There was a time when even a few cents increase in the price of gasoline or natural gas would provoke Congressional investigations, actions by state Attorneys General, and condemnations of the producer countries, the OPEC cartel and Big Oil from presidents and the heads of antitrust divisions of the Justice Department or the Federal Trade Commission. That is, until smooth, smiling Ronald Reagan came to Washington, D.C. with his mantra that “government is not the solution; government is the problem.”
Curiously, “Reagan came to Washington” back in January of 1981, so I’m having trouble understanding how that moment connects to a gasoline price increase in January 2013, some 32-years later.
Nader might say his point is that now the industry can raise prices and not worry about government interference. But if the industry could freely raise prices without government interference, why did they wait 32 years to claim this particular 50-cent per gallon prize? Why didn’t the oil and gas industry raise their prices this much a year ago, or two years ago, or thirty?

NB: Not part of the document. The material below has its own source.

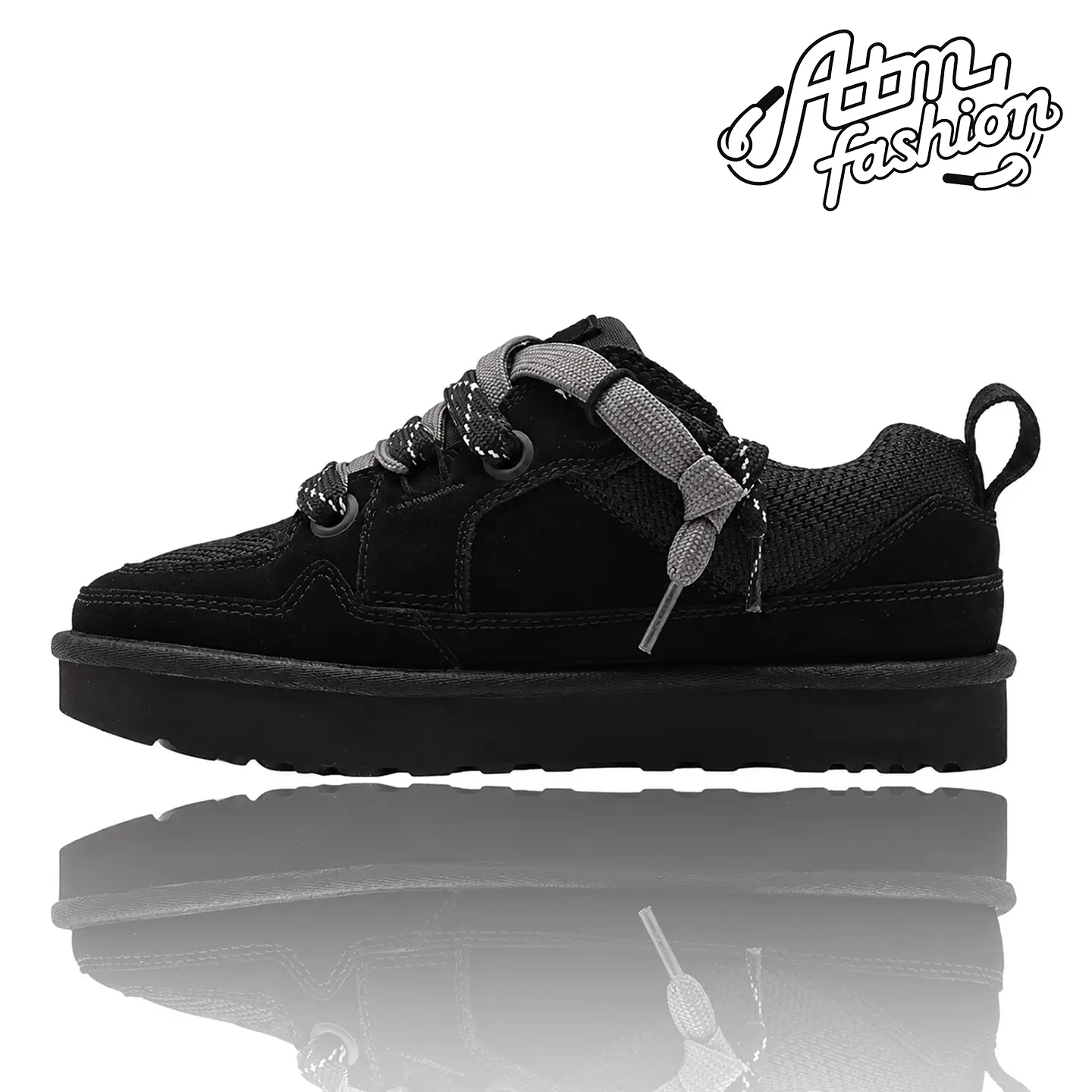 UGG Lowmel Lo Black (Women's) Women's Authentic Shoes Footwear Sneaker Trainer Comfortable Walking Fashion Trending Gift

Each price surge in recent decades seems to have different principal causes. This time it seems to have been precipitated by surging prices of crude – easily manipulated – and in the U.S. the permanent or temporary shutdown for repairs, of too many refineries.
Believe it or not, the U.S. is now a net refined petroleum importer because of the continuing refusal by the industry to rebuild or expand refinery capacity on the very sites where many refineries have been shut down, often in favor of offshore, cheaper installations.

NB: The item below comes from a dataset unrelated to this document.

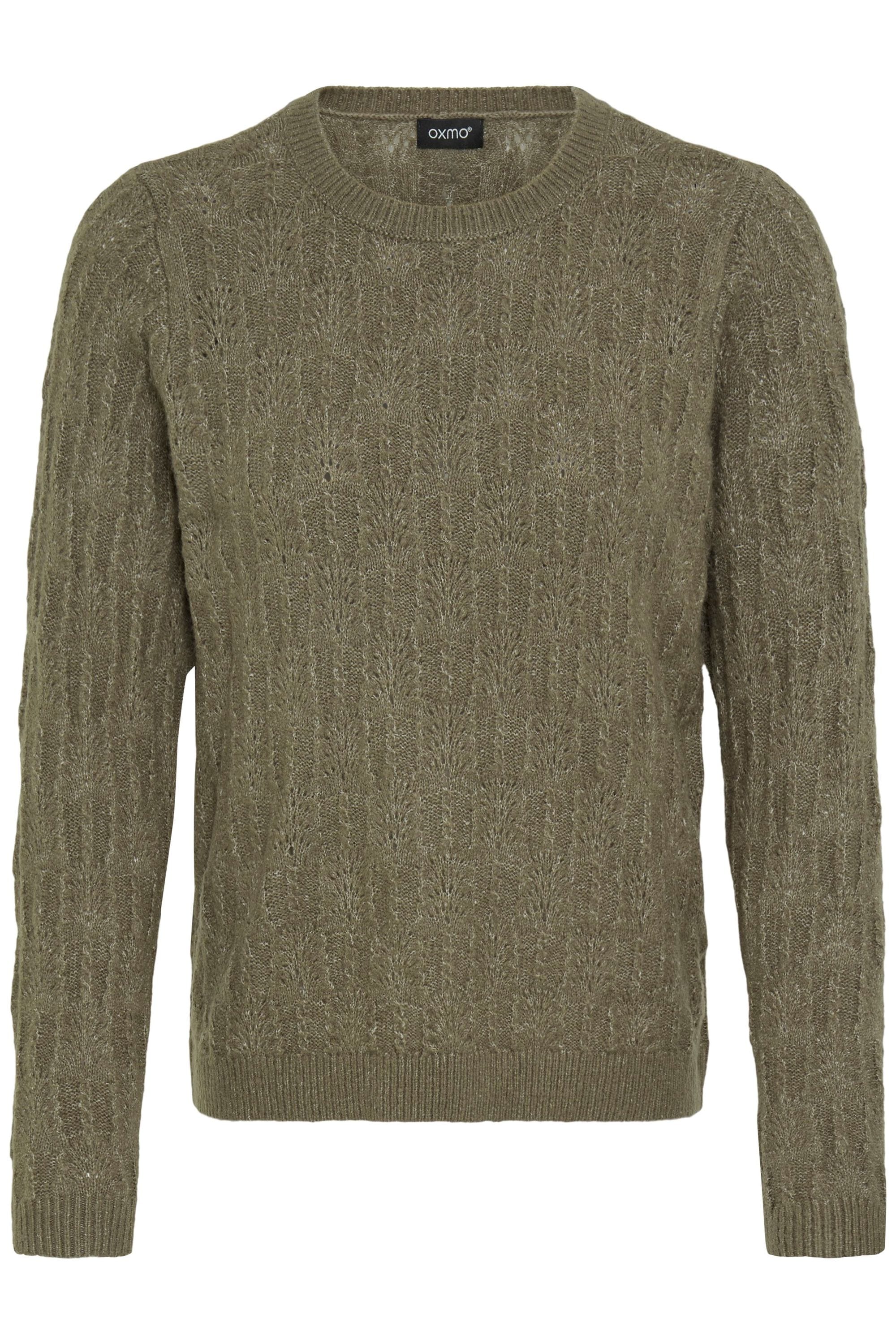 OXMO Strickfleece-Pullover "Strickpullover OXSinva"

Whenever supply and demand for refined oil products is tight, all it takes is for one or two refineries to suspend operations, other than for repairs, and the prices surge all over the country.

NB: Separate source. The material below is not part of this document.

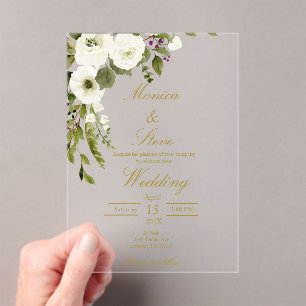 Faire-part de mariage modifiable acrylique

The “easily manipulated” price of crude oil? So again, explain why the industry keeps manipulating the price up and then back down again? Perhaps more to the point, why did the industry tolerate 15 to 20 years of low and relatively stable crude prices starting in the mid-1980s (during the Reagan administration!)?
“Easily manipulated” and yet seemingly so hard to control.
And, believe it or not Mr. Nader, the U.S. is now a net refined petroleum products exporter–not a net importer–and has been since mid-2011. Somehow, despite the continuing refusal to rebuild or expand refinery capacity, we have petroleum products in such abundance that we can ship them overseas. I’m sure once Mr. Nader figures out his facts are exactly backwards, he will immediately revise his claim and give the oil and gas industry credit for maintaining surplus refining capacity.
And it turns out that one or two refineries (in California) can suspend production and have essentially zero effect on prices anywhere in the country (but in California, as price data from last year reveals). Similarly, disruptions of refineries in the Northeast don’t seem to spread consequences too broadly across the country.
Nader thinks political grandstanding and government participation in oil markets and refinery operations is called for: Obama should use his bully-pulpit to put the heat on Congress; Obama should release oil from the Strategic Petroleum Reserve to push prices down; the Defense Department should build it own refinery capability and sell excess products into the market to suppress prices.
Nader seems to pine for the energy policies of the 1970s–before Reagan came along–but maybe he should review that decade of periodic energy crises, government oil and gas price controls, import tariffs and oil allocation schemes, calls for energy independence, and repeated Presidential addresses to the nation about the seriousness of increasing energy scarcity. I don’t think it worked as well as he seems to think it did.